The Ninth Circuit recently issued a precedential case that is instructive, and potentially helpful, to individuals accused of making false claims to US citizenship. In Diaz-Jimenez v. Sessions, No. 15-73603 (9th Cir. 2018), the court confirmed that obtaining private employment did fall within the scope of false claims; however, the court also ruled that for purposes of 1182(a)(6)(C)(ii)(I), a person can only be considered to have made a false claim of citizenship in connection with private employment only when such representation is made on Form I-9. In the case at hand, there was no evidence of an I-9 form to sustain the government’s claim that Mr. Diaz-Jimenez misrepresented his citizenship status to secure a job, resulting in the court reversing the BIA’s finding and remanding the case.
Why Is This Case Important?
While this is only a 9th circuit case and not binding on states outside its jurisdiction, the case illuminates some of the more equivocal issues surrounding false claims. Under 8 USC 1182(a)(6)(C)(ii)(I), an “alien who falsely represents, or has falsely represented, himself or herself to be a citizen of the United States for any purpose or benefit under this chapter (including [8 USC 1324a] or any other Federal or State law is inadmissible.” Some attorneys have argued that private employment is not a “purpose or benefit” within the purview of the statute. However, the 9th Circuit itself, an arguably liberal bastion, joined other circuits in concluding that private jobs are a qualifying “purpose or benefit.” Moreover, the court cited Matter of Bett, 26 I & N Dec. 437 (BIA 2014), a BIA decision, which ruled that “an alien who represents himself as a citizen on a Form I-9 to secure employment with a private employer has falsely represented himself for a purpose or benefit under the Act.” The distinguishing aspect of this case is that it holds that a charge of false claim of US citizenship to obtain a private job must be predicated on proof that the alien misrepresented his/her status on an I-9. For example, if the government alleges that a person made a false claim to secure employment by showing an altered social security card but fails to present an I-9 signed by the individual, the charge will likely fail.

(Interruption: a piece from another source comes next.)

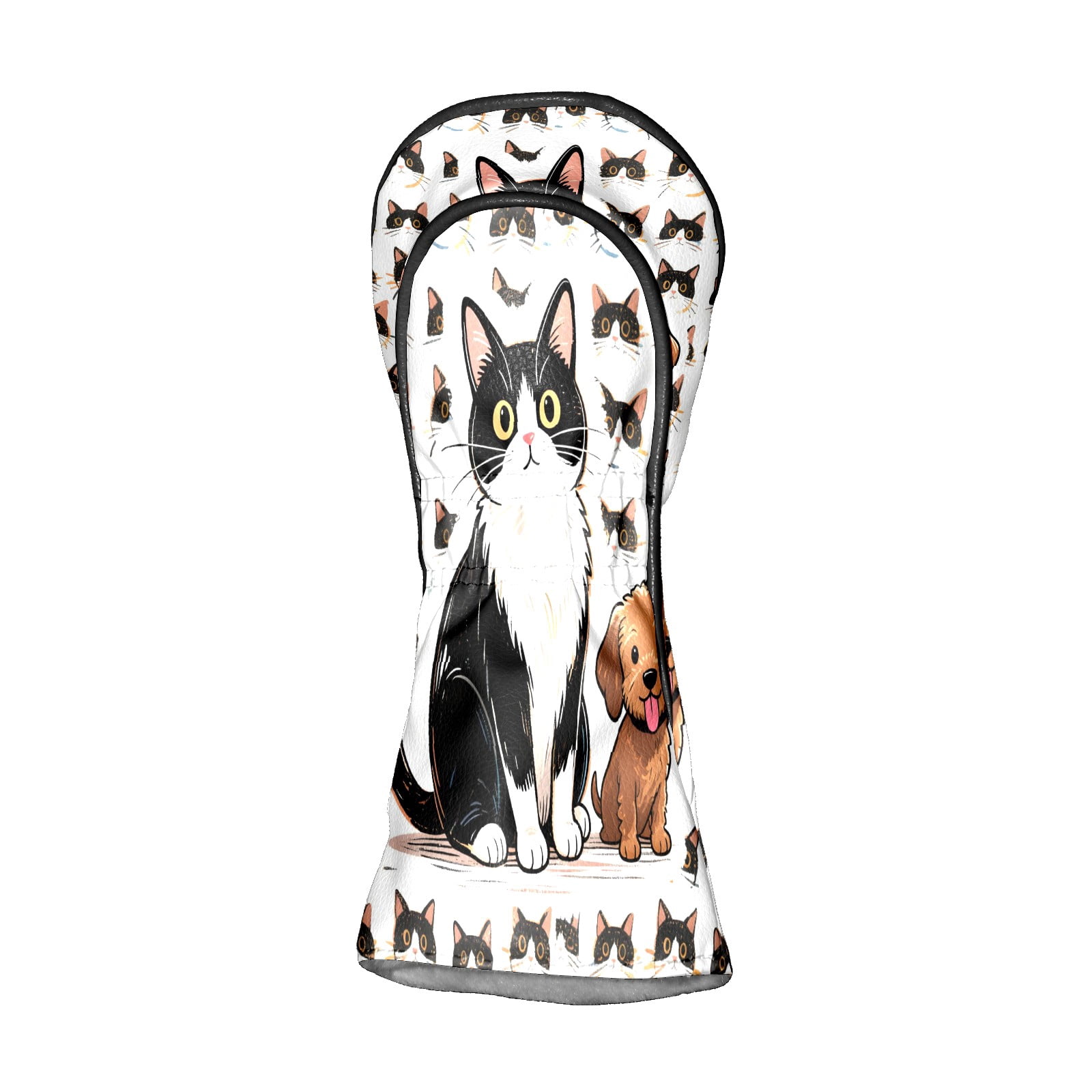Golf Club Covers, While Pets Premium PU Leather Driver Hybrid Putter Head Covers with Velvet Lining, Waterproof Golf Gifts for Men Women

This principle may be why USCIS has increasingly requested, or in some cases, tried to subpoena I-9 forms from green card applicants (or their employers). An I-9 form which indicates that an alien has checked off the US Citizen box will not only confirm an officer’s suspicion that a misrepresentation has been made, but more importantly, constitute a basis to charge the individual with making a false claim to US Citizenship-a removable offense with no waiver (except under extremely limited circumstances).
It is worth noting, however, that the government may attempt to lodge a false claim charge on other grounds. The holding of this case is only narrowly applied to situations where a person is alleged to have made a false claim in connection with getting a job. There are, of course, a plenty of other scenarios where a job may not necessarily be implicated or involved. For example, the presentation of a false birth certificate or altered US passport to get into the United States would likely trigger a charge where an I-9 is irrelevant. Another common problem is when individuals may have voted in elections or represented themselves to be US Citizens when applying for loans.
Especially in this climate of enforcement, any non-US citizen who may have misrepresented his/her citizenship status should strongly consider consulting with an attorney before applying or submitting any applications with the government.